BishopAccountability.org

Police chiefs planning to apologise to child-sex abuse victims

By Dan Box
Australian
January 17, 2017

https://goo.gl/E6V9PP

Victoria Police Chief Commissioner Graham Ashton.
Photo by Andrew Tauber


The nation’s police commissioners are set to make a historic apol­ogy to the victims of child-sex abuse in institutional care who were not believed when they reported these crimes or, worse, were returned to their abusers.

The true number of such abuse victims will never be known as records were not kept, have since been lost or were destroyed.

That such an apology is being considered at this level shows both its extent and the damage done are feared to be significant.

More than half a million children are estimated to have spent time in an orphanage, home or foster care over the past century. They represent more than 40 per cent of the 6349 people who have given evidence in private to the child abuse royal commission to date saying they were abused.

In a letter sent last week and seen by The Australian, Victoria Police Chief Commissioner Graham Ashton says the Australian and New Zealand Police Commissioners Forum met recently to discuss a potential apology to those affected. Writing to the Care Leavers Australasia Network, which represents people who were in ­institutional care and has campaigned on the issue for several years, Mr Ashton says the other police commissioners “asked me to convey their sincere empathy about the concerns … raised”.

The commissioners intend to wait until the royal commission’s final report is published in December, after which “the need for, and context and form of any apology, can then be considered comprehensively”, the letter said.

“The key issue is that children, when they tried to run away, they tried to tell the police and the police returned them straight back into the hands of the abusers and nobody asked any questions,” said Leonie Sheedie, executive officer of CLAN.

Children living in orphanages and other care homes across Australia were for decades treated as “second-rate citizens”, Ms Sheedie said.

Many suffered often horrific levels of physical and sexual abuse, the Royal Commission into Institutional Responses to Child Sexual Abuse has found.

An apology would “mean that it’s on the record,” Ms Sheedie said, “that the police failed in their duty of care to the most vulnerable people in the state”.

Seventy-year-old Roy Janetzki said he ran away from Saint Augus­tine’s Orphanage in Geelong, Victoria, after being sexually abused at the age of 13.

After trying to steal a car, he was arrested and tried to tell the police officer that “they do terrible things to boys up there at that ­orphanage”.

This report was not investi­gated, Mr Janetzki said, and he was beaten by police, sent to court for the car theft and subsequently committed to another institution, where he was sexually abused again.
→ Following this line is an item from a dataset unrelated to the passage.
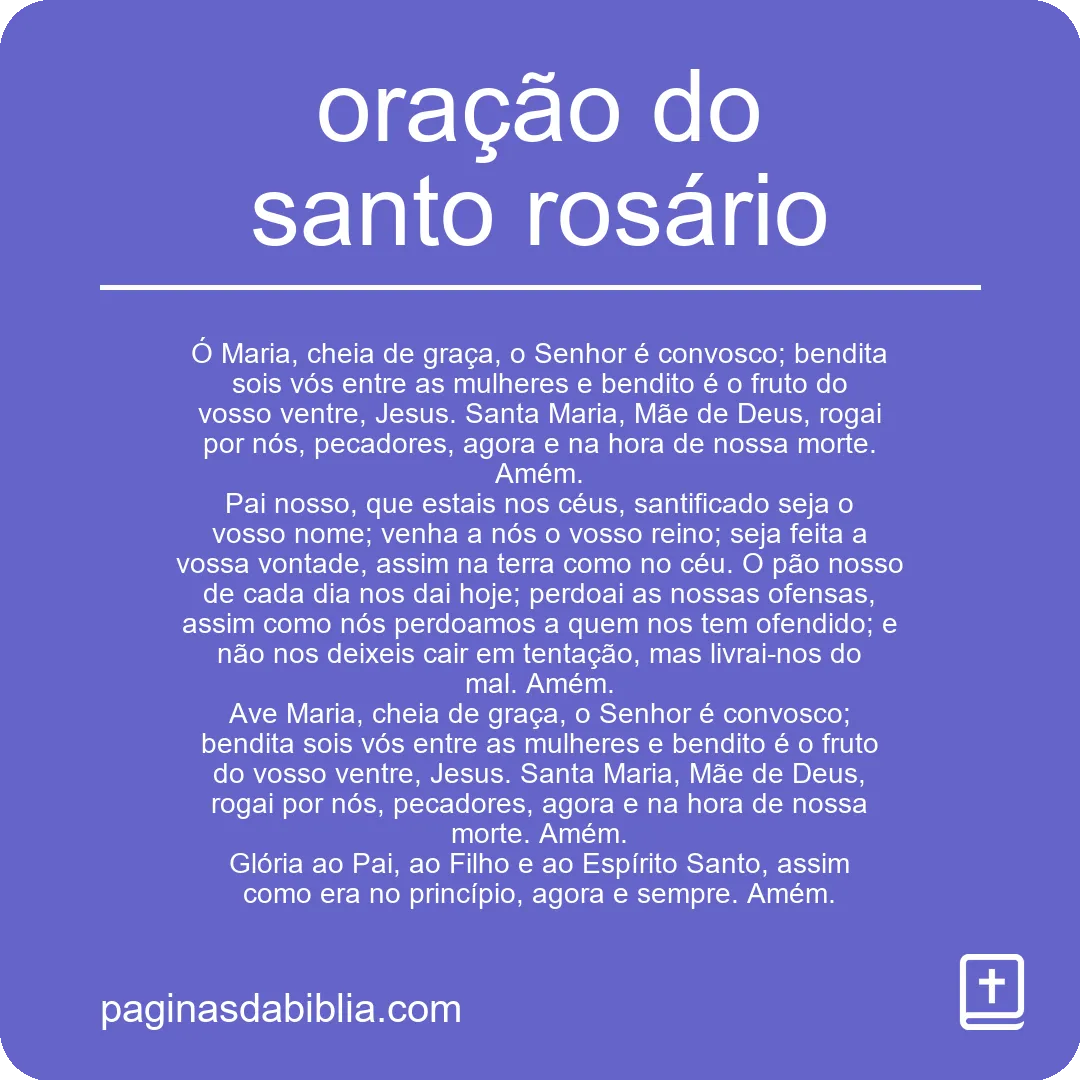 oração do santo rosário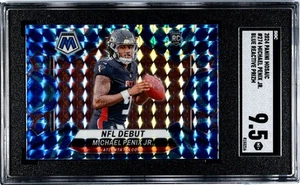 2024 Panini Mosaic Michael Penix Jr. NFL Debut Reactive Blue Prizm SGC 9.5 MT+ - Picture 1 of 2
An apology would represent a public acknowledgment that “it did happen, and we finally do ­believe you”, Mr Janetzki said.

“A lot of kids who did escape were just grabbed and taken back and there was no paperwork and they were just taken back to the same sexual abuse.

“Everything needs to be brought out into the open,” Mr Janetzki said. “It would be good for all the other kids. They went through the same thing and we tried and we tried and no one believes you and we just gave up.”

The Australian and New Zealand Police Commissioners Forum, which includes the leaders of each state, territory and federal police force, met to discuss the possible apology in Melbourne in October last year.

Officers from the royal commission, which has so far referred 1775 matters to police nationwide for investigation, also attended the meeting to discuss their work.

Mr Ashton, who proposed discussion of the apology at the meeting, told The Australian “we were sympathetic to the ­issues raised and we intend to finalise discussions … on this once the royal commission has finalised its report”.

The commission, which has held 49 public inquiries around Australia since it was established in January 2013, is due to submit its final report and recommen­dations to the Governor-­General, Sir Peter Cosgrove, no later than December 15.

In his letter, Mr Ashton writes that “the need for, and context and form of any apology, can then be considered ­comprehensively”.

“Our decision to await the outcomes of the (royal commission) does not diminish our view that the issues raised by CLAN are of significant concern,” his letter says.

The commission’s next public hearing, into the Catholic Church, will begin next month.